# Such thing as "cheap" rust repairs? :(



## Hot_Rod (Feb 10, 2011)

So I finally decided to dig into the rust bubbles my car has and unfortunetly I wish I hadnt. Both doors towards the front fenders have rotted all the way thru, the pass side rear 1/4 and the back of both doors have small rust blotches all the way thru the doors.

My question is my options on repairs without breaking the bank? Or if its possible... Dont really have the means to cut off parts of the car and reweld metal in place of it. The holes are about the size of a quarter up to a silver dollar size. 

Thoughts? My cars a mess right now and it sucks.


----------



## jetstang (Nov 5, 2008)

Nope, no such thing as cheap repair. You could just throw some bondo in it and sand it down for now, then later when funds or skills are up do the repairs properly. The most important part is to get the rust to stop for now. Don't go to crazy digging for now. I did and my 66 is in pieces, lots and lots..


----------



## Hot_Rod (Feb 10, 2011)

Well I did stop once I got the holes there. Got most of the rust around the holes out and just basically painted over it for now. (was bare shiny metal around the holes) 

So as far as "properly" repairing the rust, what is the proper way? what do most shops do to fix it and how much does it cost? I mean lucky for me its a solid car other than these 3-4 spots. Plan to possibly let a shop repair the rust and just shoot primer on the car until I got the funds for a nice paintjob. 

Trying to avoid taking the car apart to the point of not being able to drive it. Cause I know how that can turn out.


----------



## MO Goat (Apr 7, 2011)

Hot_Rod said:


> Trying to avoid taking the car apart to the point of not being able to drive it. Cause I know how that can turn out.


Like me! :lol:

I had the same experience and I can't give you a figure on fixing just the holes since my "digging" turned into a frame off resto, but my shop said I could stitch together 3 patch panels and then cover them in bondo. The concern was that as the filler shrinks, you would see it through the paint down the road. So that left me with another option of a skin or full quarter. The seam for the skin would show when you looked inside the trunk so I opted for full rear quarters. A lot more expensive, but it's the way I went.

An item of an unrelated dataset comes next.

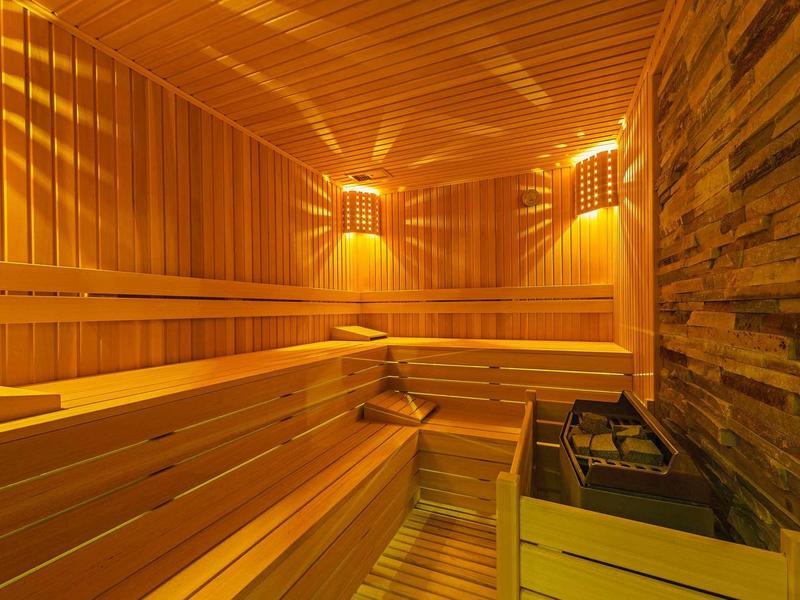 Wooden sauna with warm lighting, benches, and a sauna heater in a cozy room.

I guess if you want a driver that looks decent, go with patch panels. If you want as close to factory new, go with a full panels with skins as a middle ground.

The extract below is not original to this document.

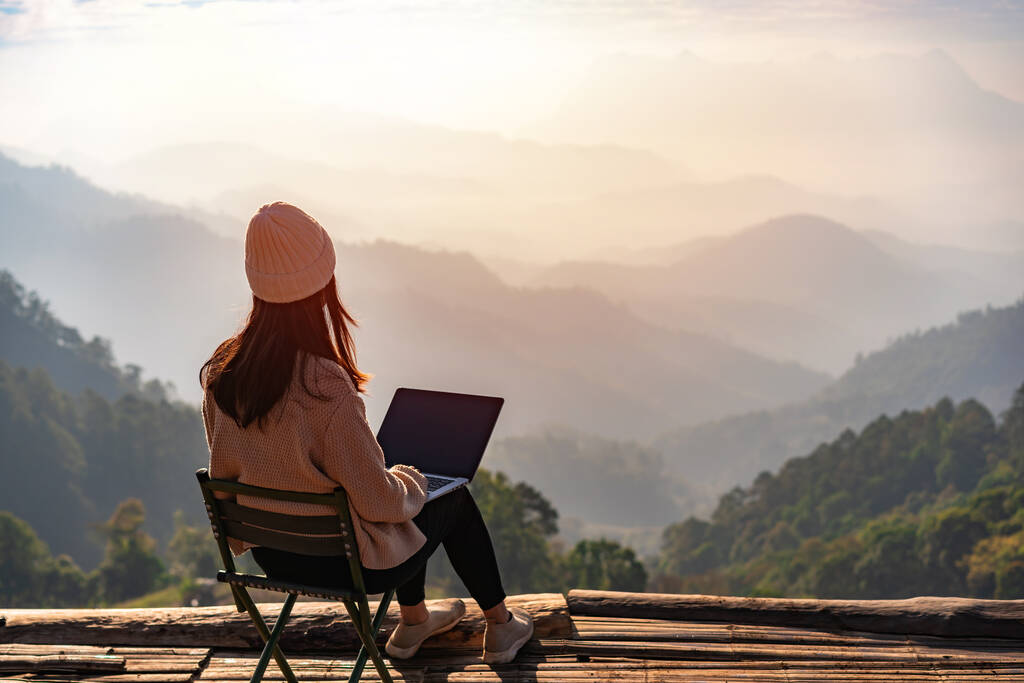 Jovem viajante freelancer trabalhando online usando laptop e desfrutando da bela paisagem da natureza com vista para a montanha ao nascer do sol - Foto, Imagem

That's what I've learned so far and good luck!


----------



## Instg8ter (Sep 28, 2010)

if holes are silver dollar size find a good welder and pay him to stitch in small patches, then you can grind and fill and smooth yourself. get a QT mixed to match your paint and feather it in from the body line down. should get you through until your ready for the Full Monty.....if you check the Body Shop Supply houses they can actually mix your paint match in aerosol cans for you if you dont have the spray equipment (around $25.00 a can i think)


----------



## jetstang (Nov 5, 2008)

Primer doesn't seal the metal from moisture. Body shop told me to put some enamel, spray bomb Krylon, over the repair, then sand it off when getting ready for paint. Welding is expensive. My 66 was fiberglassed in 02, 08 I had bubbles behind the doors and other places, lots of places, car was far worse than I knew. But, sealing up the rust, spray undercoat or por 15 into the inside of doors or where repairs are and just stop the rust. You can do a lot of body work by hand with some sanding blocks and get the car straighter. I worked at a body shop for a few months this year and learned a ton, and I painted a bunch of cars in the past. Find a good guy at a local shop and volunteer some time cleaning for some training, even on their cars. or watch the videos bear always talks about, paintafication or whatever. Autozone, get a gallon of bondo, follow mixing instructions, smear it on, sand it off, when it's flat, throw some paint on it.


----------



## Hot_Rod (Feb 10, 2011)

I used a rust preventive krylon over the bare metal then shot over that with touch up enamel as close to my color as I could find at orielly. Turns out it matched pretty well. Hopefully that'll seal it from moisture till I can get it worked on.


----------



## BearGFR (Aug 25, 2008)

This is something you can do, if you're willing to take the time to learn - go slow - and understand that you WILL make some mistakes but that's ok because you can always sand/cut them out and start over. The only "fer sure" way to end rust is to cut it all out and put in fresh metal, then get it 100% sealed from the atmosphere with a quality combination of coatings (quality epoxy primer and paint). For now you've probably done the best you can at a temporary repair - just realize that what you've done is sort of like doing CPR on someone whose heart has stopped: you aren't going to fix the problem that way, all you're really doing is slowing down the rate at which they're dying until the problem can be addressed correctly. 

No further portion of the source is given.